Two of them, China Southern Airlines and China Eastern Airlines have also aggressively cut capacity on those routes to Hong Kong, Macau and Taiwan - routes which account for about 5% of their revenue.

Traffic on those routes first turned negative in August and then dropped sharply in September.

China Eastern said demand on its regional routes, as measured by revenue passenger kilometres, tumbled by nearly a quarter in September from the same period a year earlier, while China Southern slid 21.1% and Air China fell 15.7%.

Capacity, measured by available seat kilometres, slid 16.7% in September for China Southern and 11.3% for China Eastern, data from the companies showed. But Air China only fell 3%.

Passenger yields for regional routes may drop 10% next year, analysts quoted China Eastern management as saying on an earnings conference call this week. China Eastern did not immediately respond to a request for comment.

Months-long pro-democracy protests in Hong Kong have shown no signs of abating and China stopped issuing individual travel permits for Taiwan in August as tensions grew with the self-ruled island it regards as a wayward province.

The airlines were, however, able to offset that pain and third-quarter profits climbed from a year earlier, helped in part by the abolishment of a civil aviation airport development fee, analysts said.

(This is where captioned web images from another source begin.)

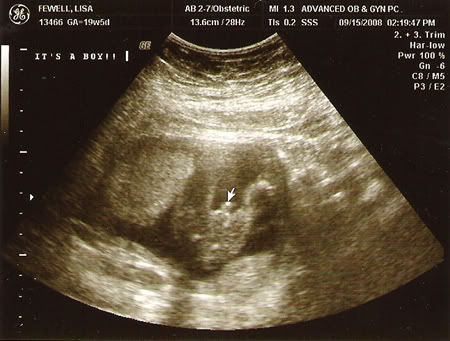 ultrasound1.jpg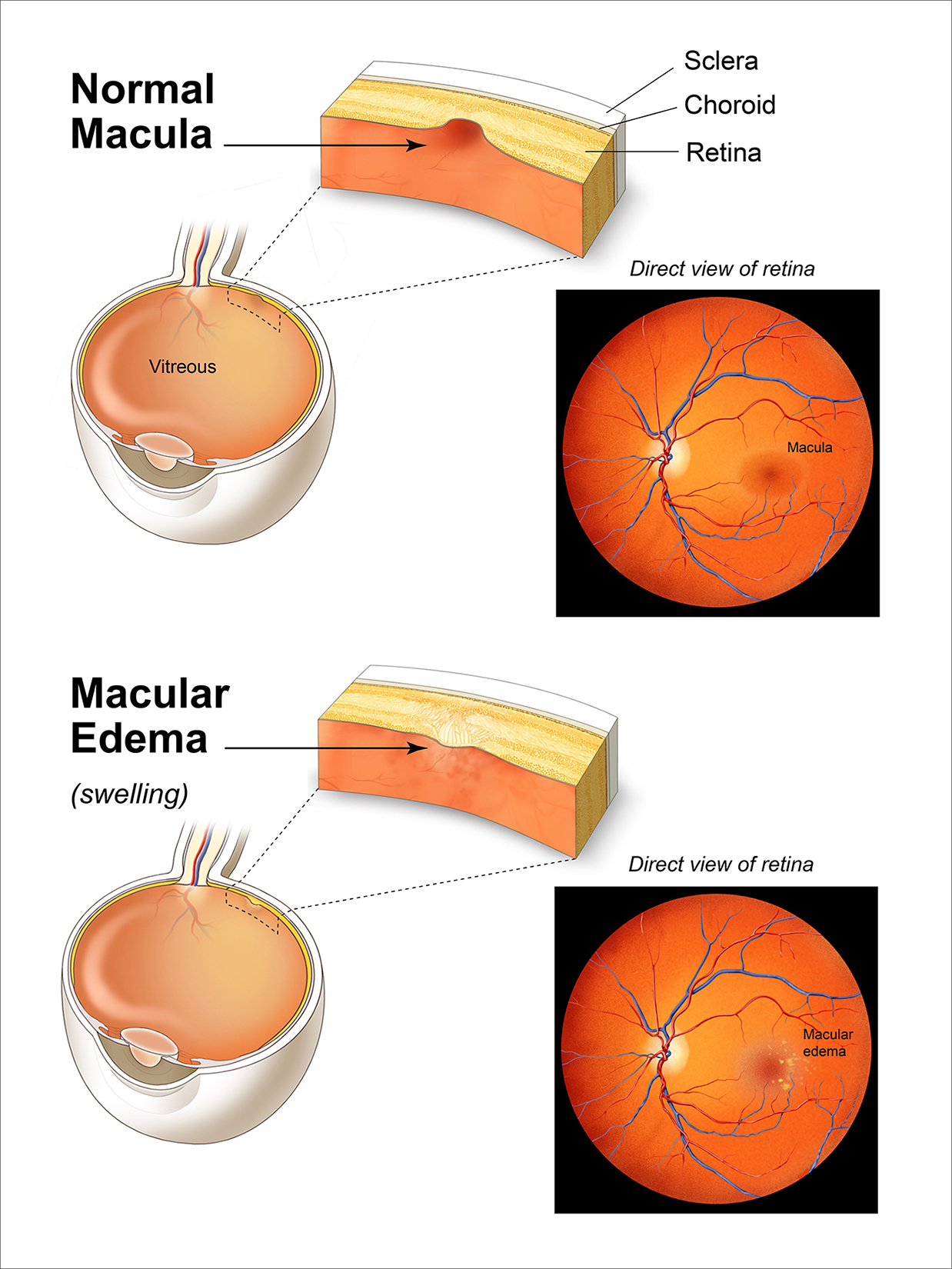 Macular Edema Compared to a Normal Macula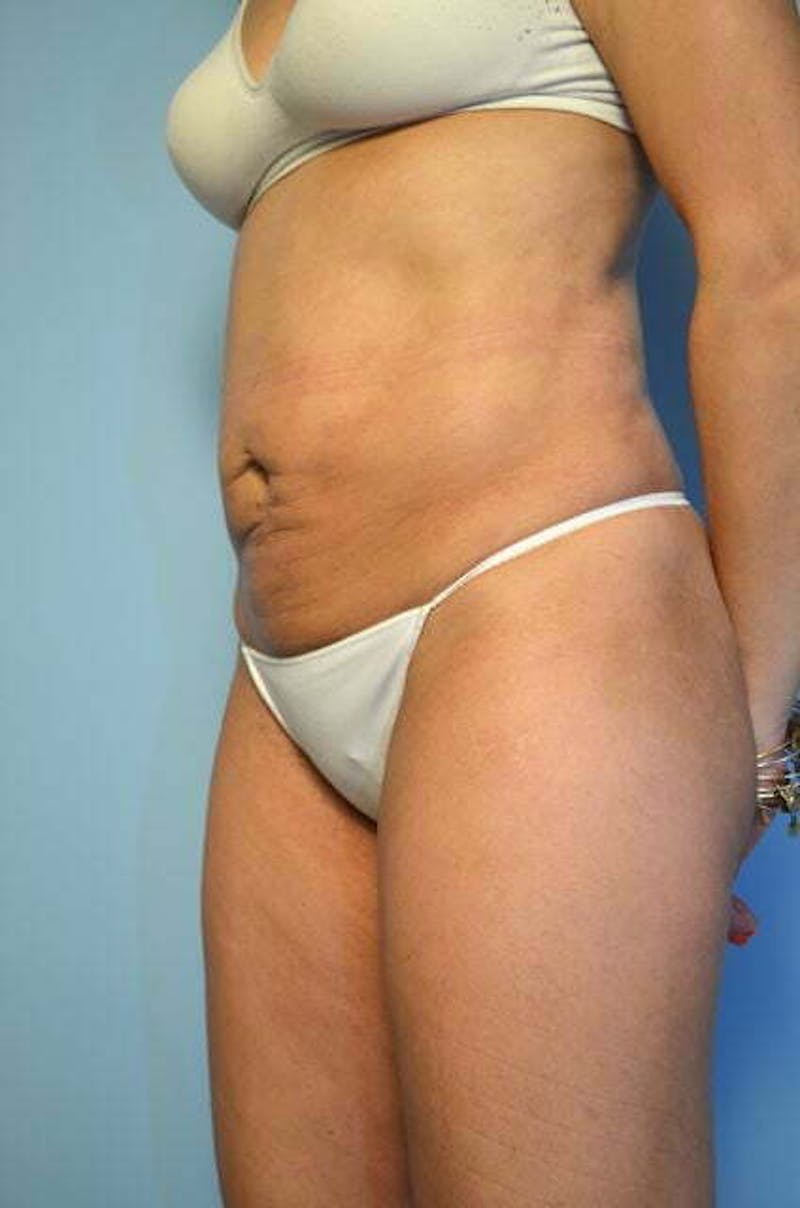 Liposuction Before & After Gallery - Patient 168913 - Image 8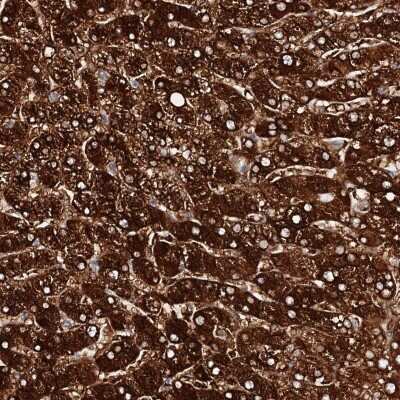 Immunohistochemistry-Paraffin: Aldehyde Oxidase 1/AOX1 Antibody [NBP1-89070]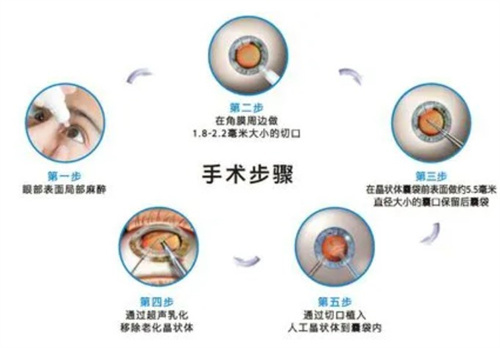 白内障手术过程图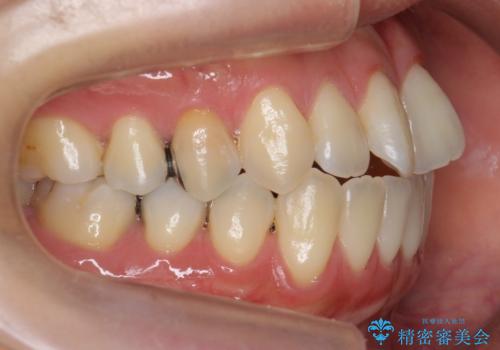 前歯のがたつき 若干受け口 インビザラインでの治療前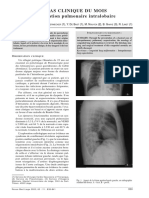 Séquestration Pulmonaire MAR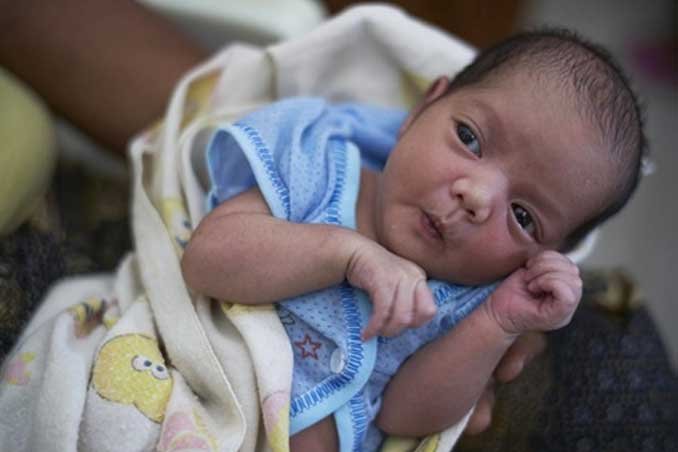 Congenital Disorders Treatment in Sonipat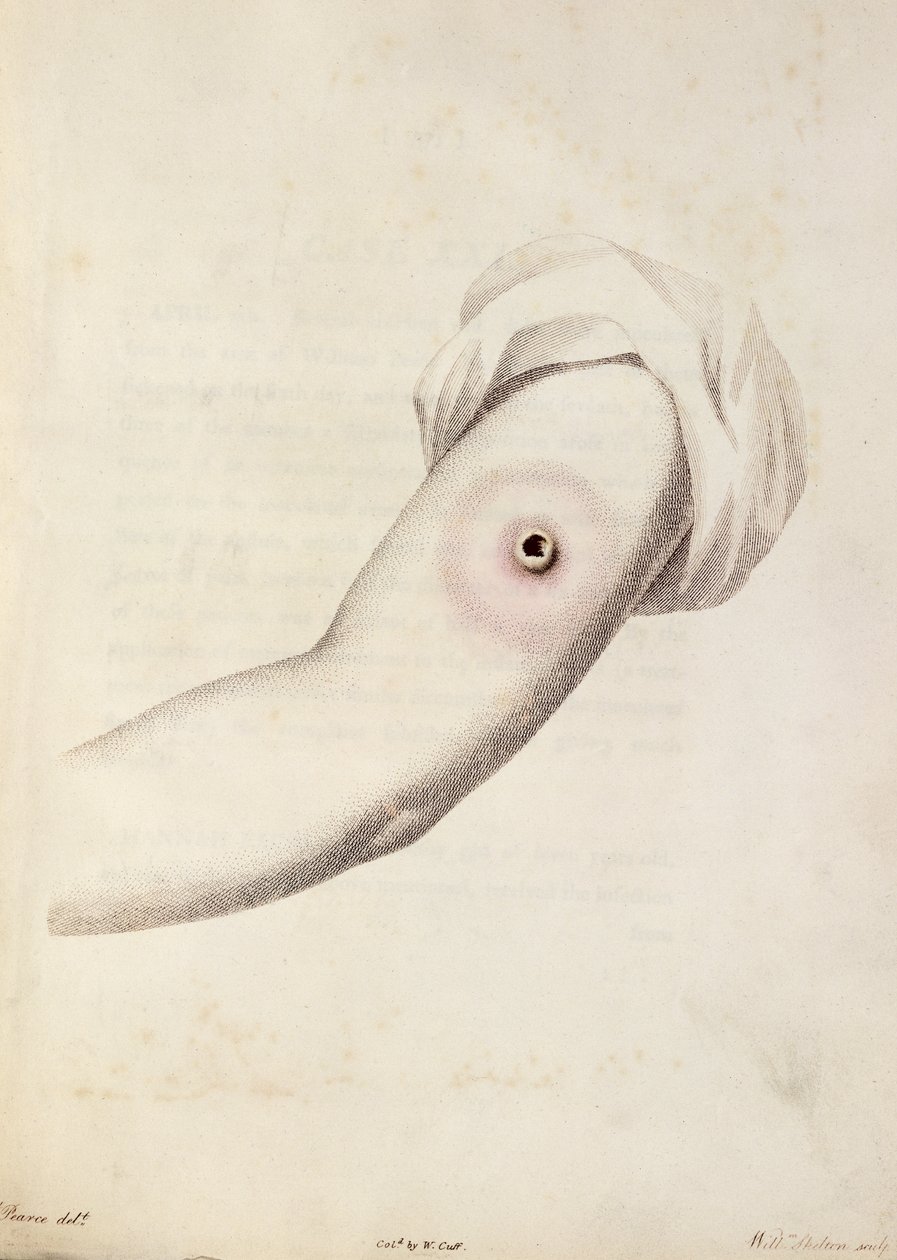 Pústula de varíola bovina em um braço, de "Um Inquérito sobre as Causas e Efeitos das Variolae Vaccinae" por Edward Jenner (1749-1823) gravado por Pearce, c.1800 de William Skelton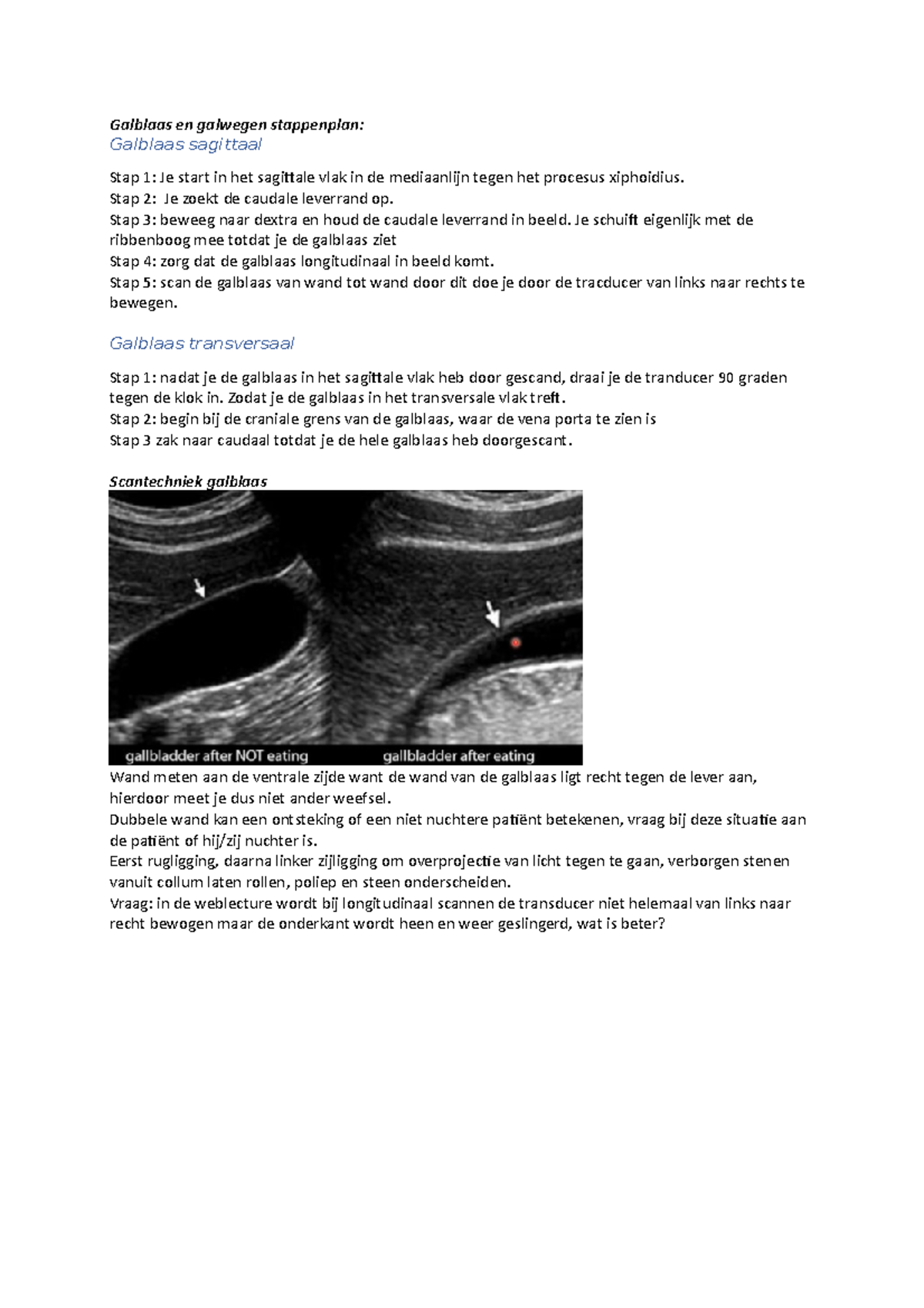Stappenplan EC galblaas en galwegen Galblaas en galwegen stappenplan Galblaas sagittaal Stap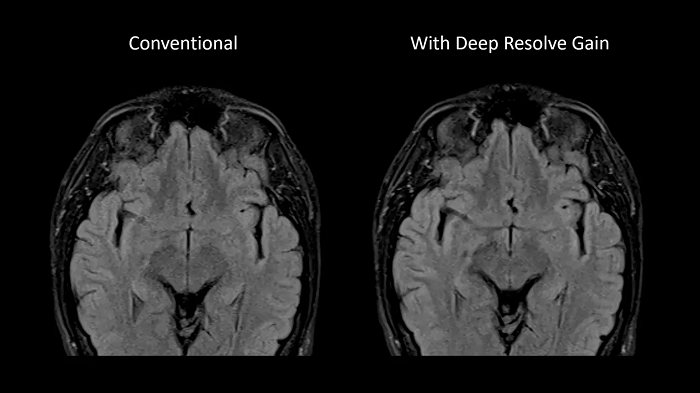 80 cm bore MAGNETOM Free.Max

Net profit attributable to shareholders jumped 17.2% for China Southern to 2.4 billion yuan ($340 million), while China Eastern also made 2.4 billion yuan, up 9.8%. Air China saw a 4.4% rise to 3.6 billion yuan.

Separately, analysts quoted China Eastern and China Southern executives as saying they were extending aircraft leases for Airbus planes amid the global grounding of the Boeing 737 MAX following two fatal crashes that killed 346 people.

The extensions are until next year or the year after, said Luya You, transportation analyst at BOCOM International. The airlines did not immediately respond to requests for comment.

Boeing has said it hopes to have approval from the U.S. Federal Aviation Administration by the end of the year for the 737 MAX to return to service.

China was the first country to ground the plane and You said she believed it could take "another two to three months, about a quarter" after U.S. authorities grant approval before China's aviation regulator does so as well.